__WHAT THIS TASK INVOLVES__
Within the records that follow, restate exactly the lines from the line with "Polres Jayawijaya Amankan" down to the line with "Bolio Small Pendant Light 240V 60W Chrome", including both. Omit the pictures.

__EXTRACTED ENTRIES__
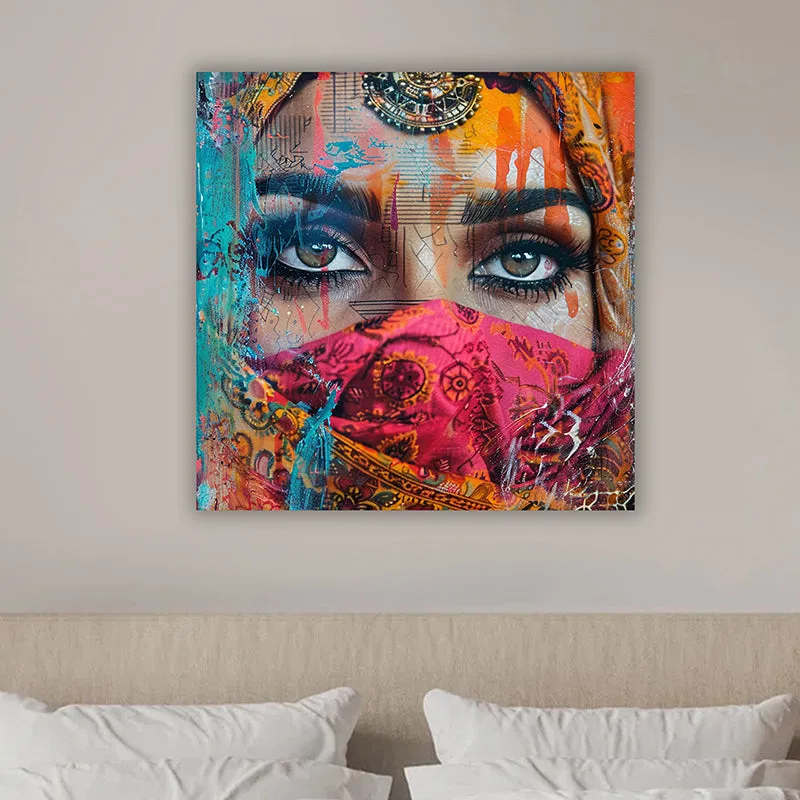 Vibrant Eyes Wall art media 2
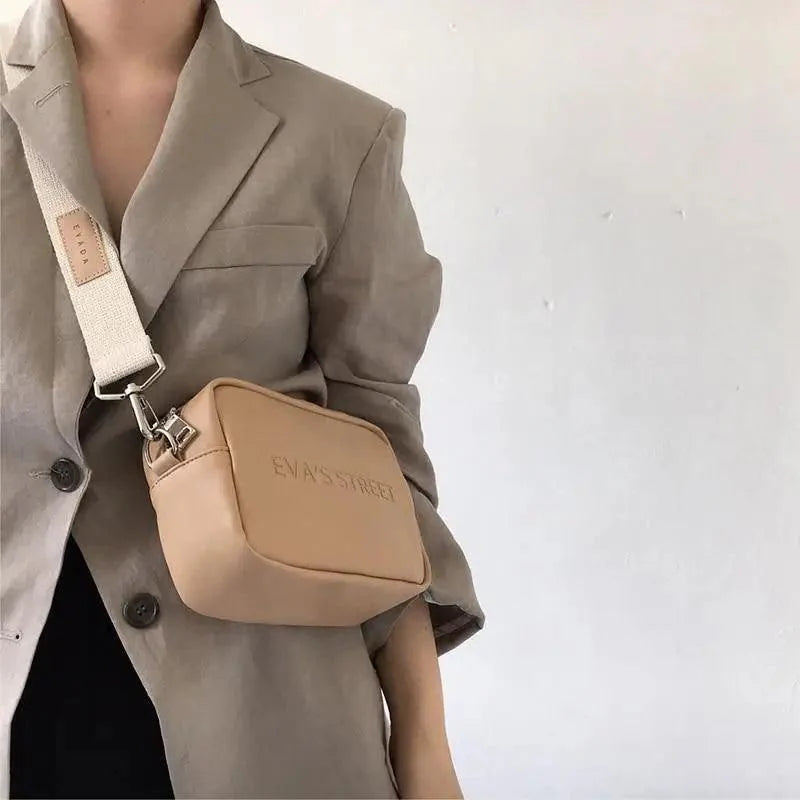 Trendy Designer Leather bag For Ladies And Shoulder Messenger Bags Simple Fashionable Letter Flap Females Crossbody Bag Stevvex
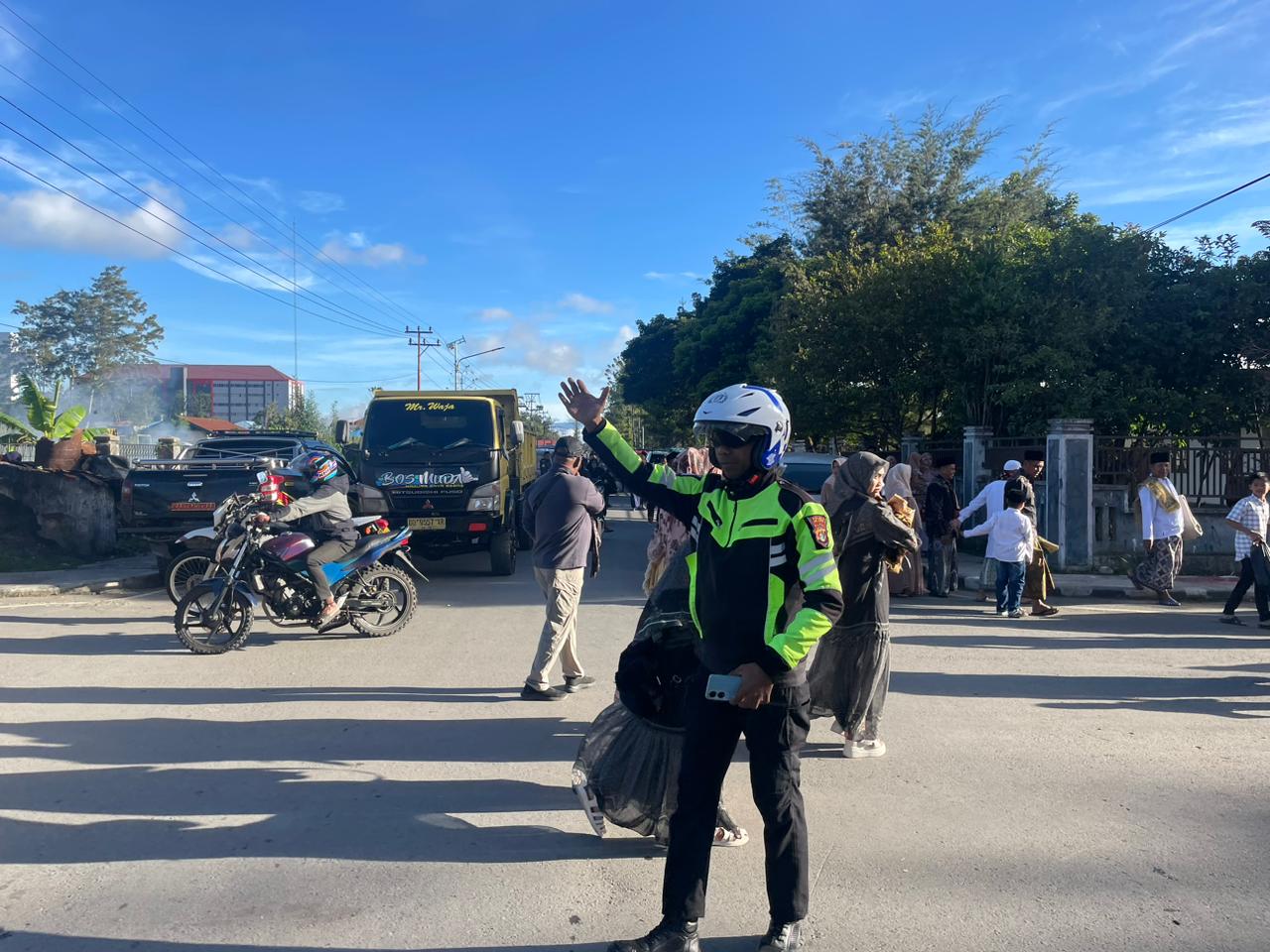 Polres Jayawijaya Amankan Kegiatan Perayaan Hari Raya Idul Adha di Kota Wamena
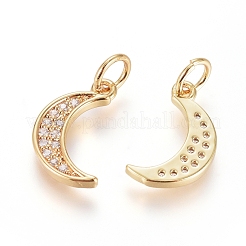 Brass Micro Pave Cubic Zirconia Pendants&nbsp;ZIRC-G166-09G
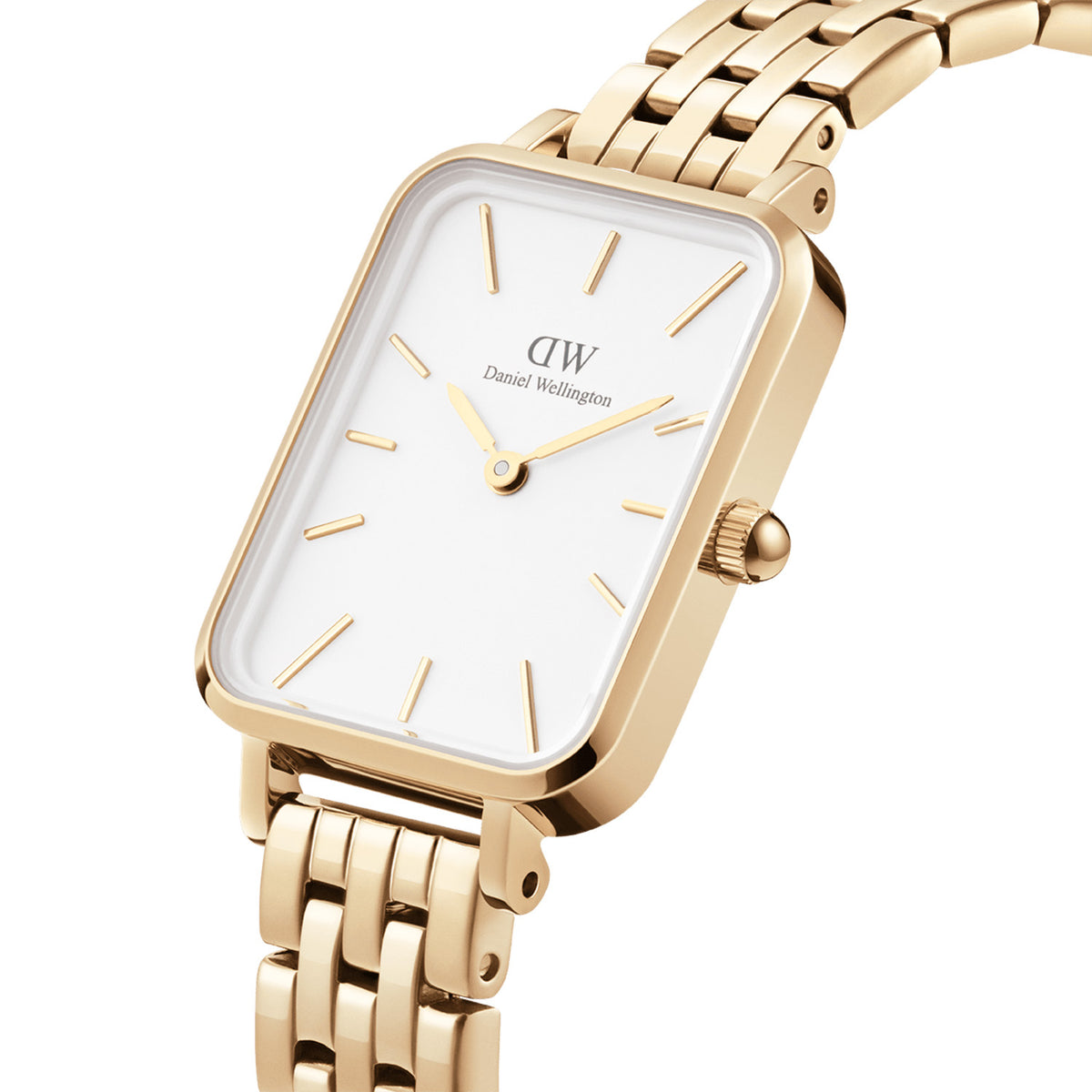 Quadro 20x26 5-link Gold & White Watch - Gold - image 3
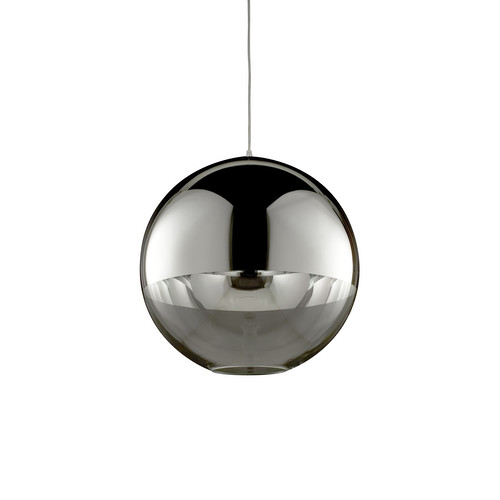 Bolio Small Pendant Light 240V 60W Chrome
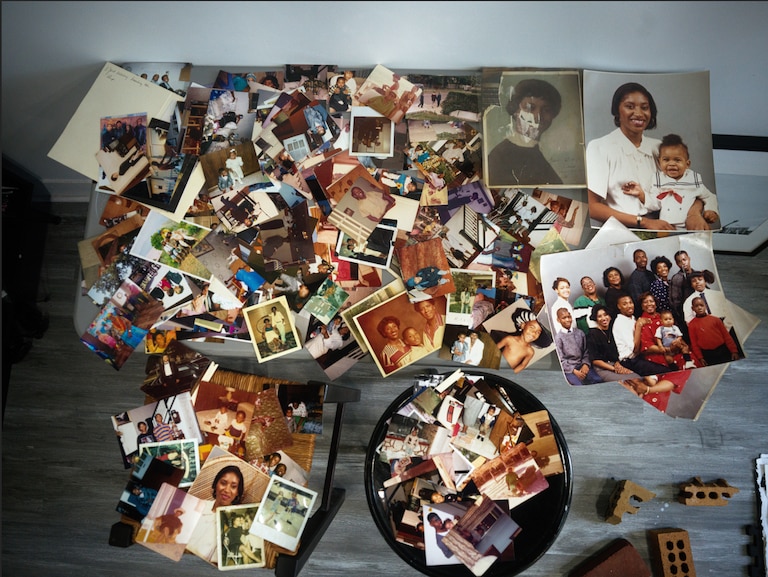 These are the types of family photos that visitors will find in Devin Allen's "She Saw Me Coming" exhibition at Charm City Cultural Cultivation.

__EXERCISE RESULT__
 Polres Jayawijaya Amankan Kegiatan Perayaan Hari Raya Idul Adha di Kota Wamena
 Brass Micro Pave Cubic Zirconia Pendants&nbsp;ZIRC-G166-09G
 Quadro 20x26 5-link Gold & White Watch - Gold - image 3
 Bolio Small Pendant Light 240V 60W Chrome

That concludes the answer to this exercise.